Regaining Lost Knowledge

February 6, 2010

A recent Python newsgroup query asked for an efficient solution to the problem of computing a running median as a large sliding window advances over a stream of data

One category of replies can be classified as clever.  The respondents used their innate intelligence and knowledge of Python for a fresh look at the problem.  Their solutions focused on the fact the position of the median doesn’t move much between successive updates.  Unfortunately, these solutions were catastrophically slow for large data windows.

Another category of reply relied on education.  A respondent remembered that QuickSelect is a fast O(n) way of finding a median in unsorted data. I responded with an ASPN recipe implementing QuickSelect (written by yours truly). These posts represented progress, a triumph of education over cleverness, but even that improved solution was unusably slow for large window sizes.

A more promising type of reply relied on research. Surely, this problem had been solved before. Indeed, there is a published paper: Efficient Algorithm for Computing a Running Median by Soymya D. Mohanty with an O(sqrt(n)) solution. Score one for science!

However, that solution was trumped by respondents who characterized the solution mathematically, “the obvious way to compute a running median involves a tree structure so you can quickly insert and delete elements, and find the median. That would be asymptotically O(log n) but messy to implement.” Fortunately, such an implementation exists using the blist Python extension. Alas, we had a good solution but not a portable one. Without the extension module, the B+ tree structure is non-trivial to implement.

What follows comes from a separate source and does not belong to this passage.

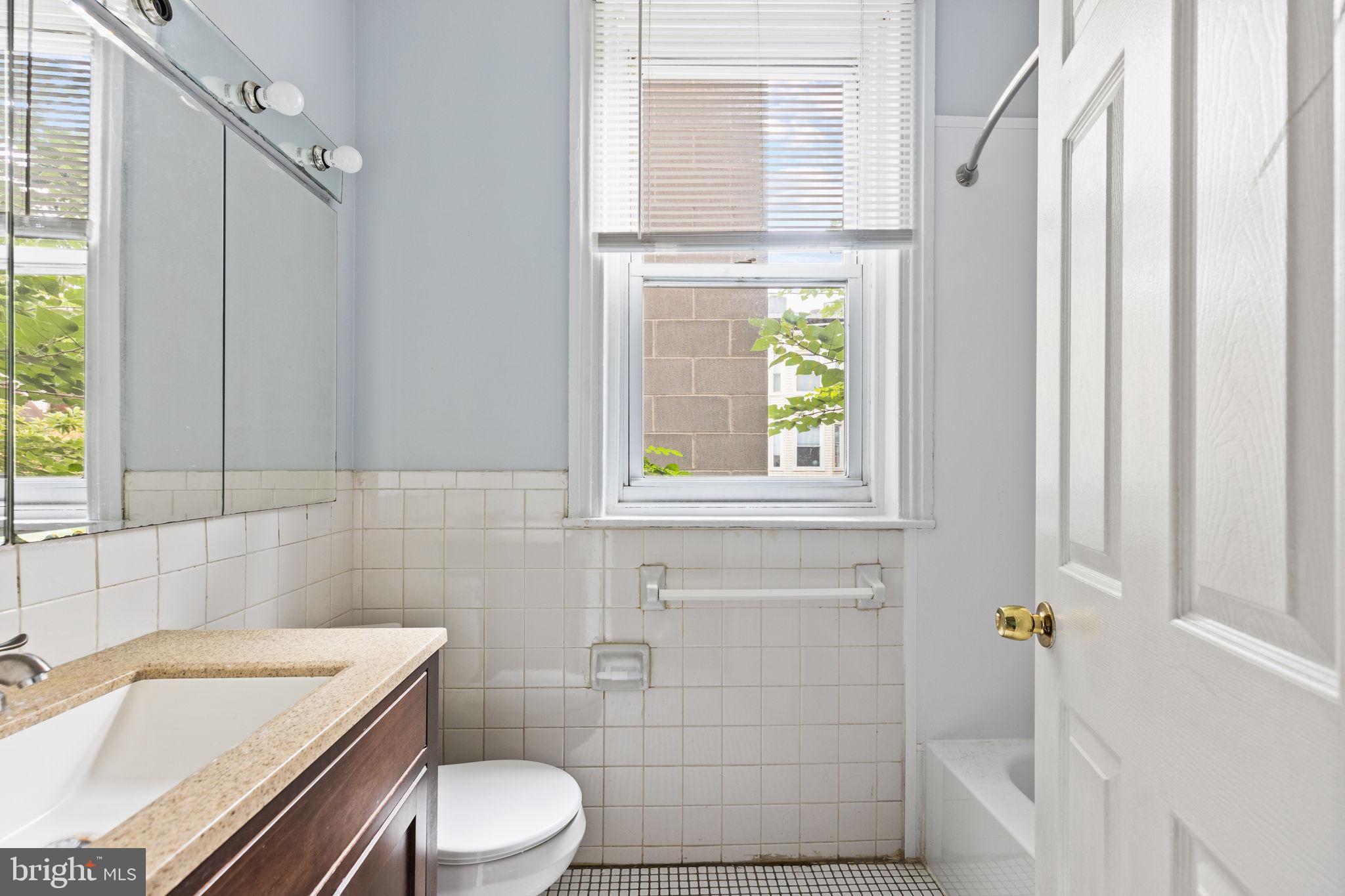 262 S 11th St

When I thought about the problem, the mathematical characterization suggested data structures that maintained sorted data with O(log n) updates, and previous education indicated a skiplist would fit the bill, but it took cleverness to discover that indexing the skiplist to find the median could be reduced to O(log n) time by adding link widths to the structure.  This thinking led to my solution which is easily portable across languages and scales well to very large window sizes.

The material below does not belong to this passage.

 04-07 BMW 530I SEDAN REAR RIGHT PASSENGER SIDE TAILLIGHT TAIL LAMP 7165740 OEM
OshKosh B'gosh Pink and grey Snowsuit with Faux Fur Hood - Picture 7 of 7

Had I discovered something new under the sun?  Yes and no.

Yes, as far as I can tell the idea of using an indexable skiplist to solve the running median problem in O(log n) time had never been presented before anywhere else.  The best published solution was Mohanty’s O(sqrt n) solution. Score one for combining mathematical characterization with education and cleverness.

And no, the big inspiration of figuring out how to make a skiplist indexable was not a new result.  Score a big failure for research.  Everywhere I had looked for skiplist resources, only the basics were presented (insertion and deletion in O(log n) time).  No resource mentioned indexable skiplists.  The previous work on the problem had effectively been lost.  An entire generation of programmers was learning about skiplists but not being taught that they could be made efficiently indexable.

To help the world regain this lost knowledge, I updated the wikipedia entry for skiplists to show how to make them indexable with my Python recipe and I’ve added a link to Pugh’s earlier research on the problem.

Will that wikipedia entry really solve the problem of lost knowledge?  The page view statistics suggest that it will.  Only time will tell.